The Commonwealth's personal exemption remains frozen at just $4,400 for single filers and $8,800 for married couples filing jointly—levels that haven't changed since 2008 and have declined 55 percent in inflation-adjusted value. If rates had been adjusted for inflation, they would have saved tax filers an additional $861 million in 2025. By comparison, North Carolina shields $12,750 for single filers and $25,500 for married couples, while the federal standard deduction shields $15,750 and $31,500, respectively. Neighboring states also provide more generous protection: Maine allows single filers to deduct up to the equivalent of $20,150, while Rhode Island shields $16,000. As a result, a married couple earning $100,000 pays taxes on $91,200 of income in Massachusetts before additional eligibility-based credits and deductions are applied, compared with just $74,500 in North Carolina. At Massachusetts' 5 percent income tax rate, that difference leaves Massachusetts couples paying $835 more in taxes—and when North Carolina's lower rate of 3.99 percent is factored in, the difference approaches $1,400 annually.

"States like North Carolina shield nearly three times as much income from taxation as Massachusetts does," said Aidan Enright, co-author of the study. Jim Stergios, executive director of Pioneer Institute, added that "Massachusetts politicians speak the language of progressivism, but our tax code tells a different story. We dispense tax relief with an eyedropper—and expect families to navigate a maze of credits and deductions." The report notes that unlike many states that rely on broad standard deductions, Massachusetts is heavily dependent on a collection of targeted credits and deductions, including those for children, renters, seniors, commuters, and student-loan borrowers. While these provisions provide important relief, they require taxpayers to navigate complex eligibility and filing requirements because they aren't universal.

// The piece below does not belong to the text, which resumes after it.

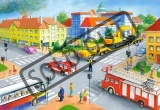 CASTORLAND Puzzle Na křižovatce MAXI 40 dílků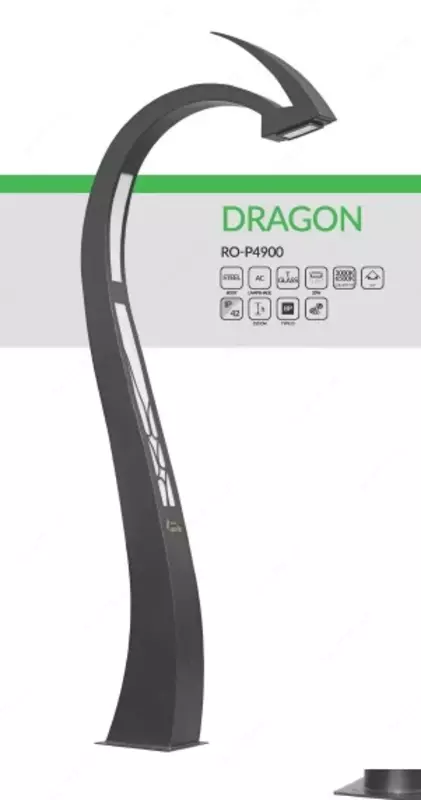 Yo'l chiroq DRAGON, RO-P4900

The report explains that Massachusetts begins taxing ordinary households at significantly lower income levels than many of the states with which it competes, creating a heavier burden on working families who are already struggling with some of the nation's highest housing, healthcare, and energy costs. The frozen personal exemption levels mean that current rates shield far less income from Massachusetts taxpayers than many competing and neighboring states, effectively expanding the tax base at the expense of lower- and middle-income families. For these families, having to hire a tax professional to understand the maze of targeted credits and deductions is just another kind of tax, according to the study.

The report recommends doubling the Commonwealth's personal exemption and indexing it to inflation, as several states have done. The study estimates that the change would reduce revenues by approximately $1.2 billion annually and could be phased in over several years to minimize fiscal disruptions. While it wouldn't provide relief on the scale of the proposed ballot initiative that was recently blocked by the court, the reform would represent an important step toward broader, simpler, and more transparent tax relief. The report also calls for a comprehensive review of the Commonwealth's system of credits and deductions to assess whether relief is being delivered broadly and effectively and to compare Massachusetts' approach with those of competing states to identify better ways to support working families.